+++ Provided material +++

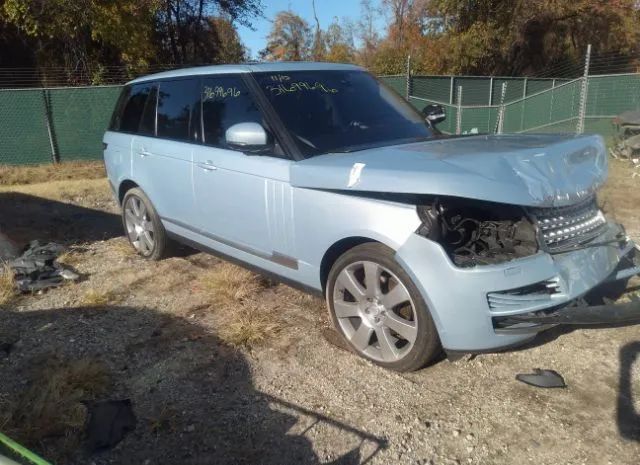 LAND-ROVER RANGE ROVER 2015 salgs2vf7fa224153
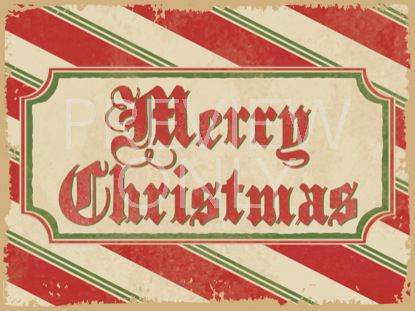 CANDY CANE XMAS STILL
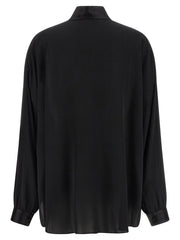Tom Ford Black Silk Blouse - IT38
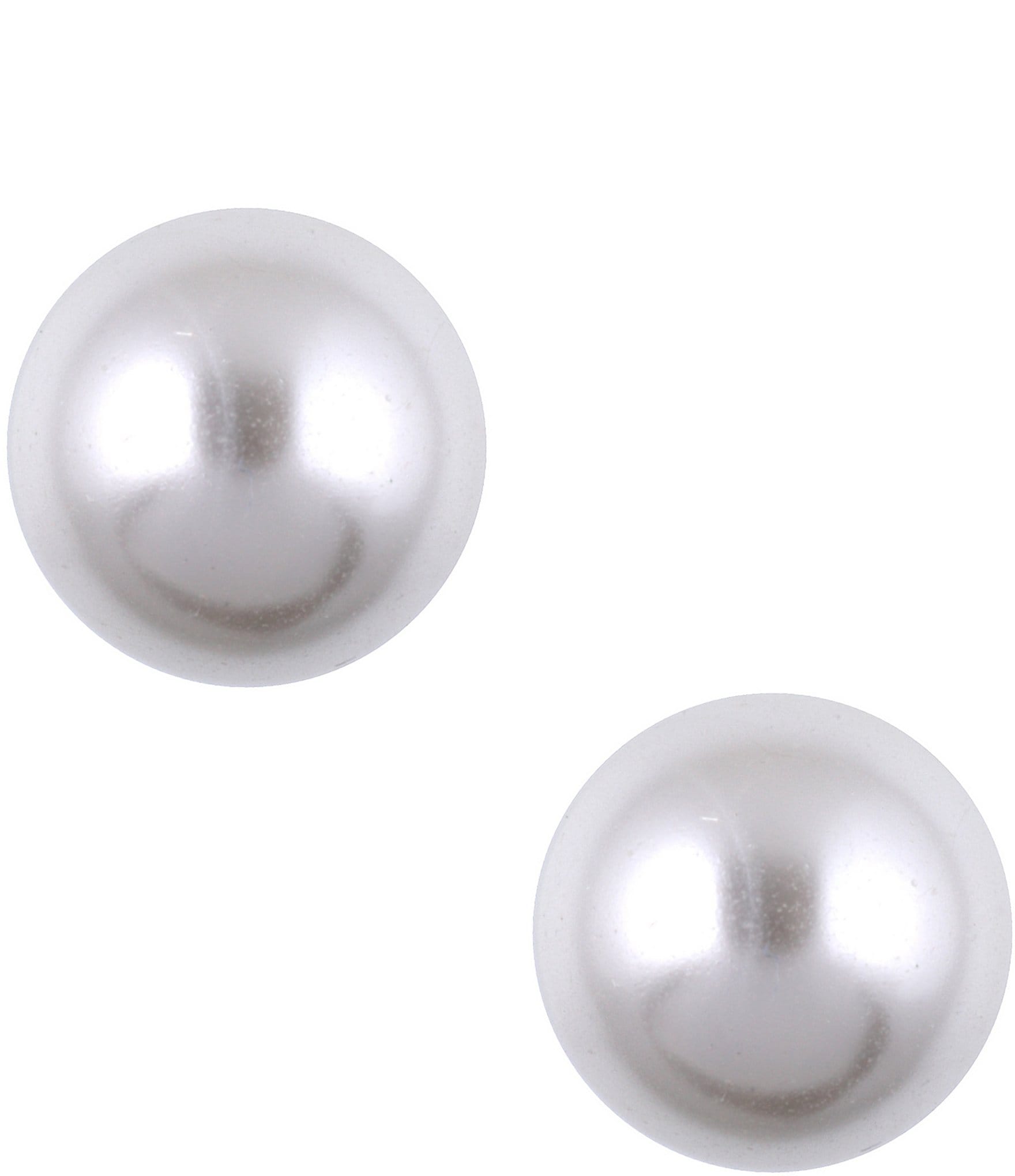 Anne Klein Faux-Pearl Stud Earrings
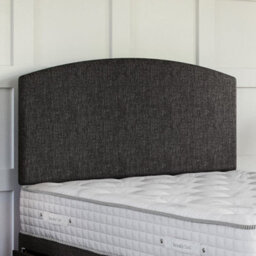 Divan Base Direct Linoso Charcoal Platform Top Divan Bed Base 4Ft6 Double With 4 Drawers + Wiltshire Strutted Headboard - thumbnail 3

+++

» Aim of the exercise: Reproduce word for word the lines from the line with "CANDY CANE XMAS STILL" to the end of the entries above, both included, but leave the pictures out.

» Response:
 CANDY CANE XMAS STILL
Tom Ford Black Silk Blouse - IT38
 Anne Klein Faux-Pearl Stud Earrings
 Divan Base Direct Linoso Charcoal Platform Top Divan Bed Base 4Ft6 Double With 4 Drawers + Wiltshire Strutted Headboard - thumbnail 3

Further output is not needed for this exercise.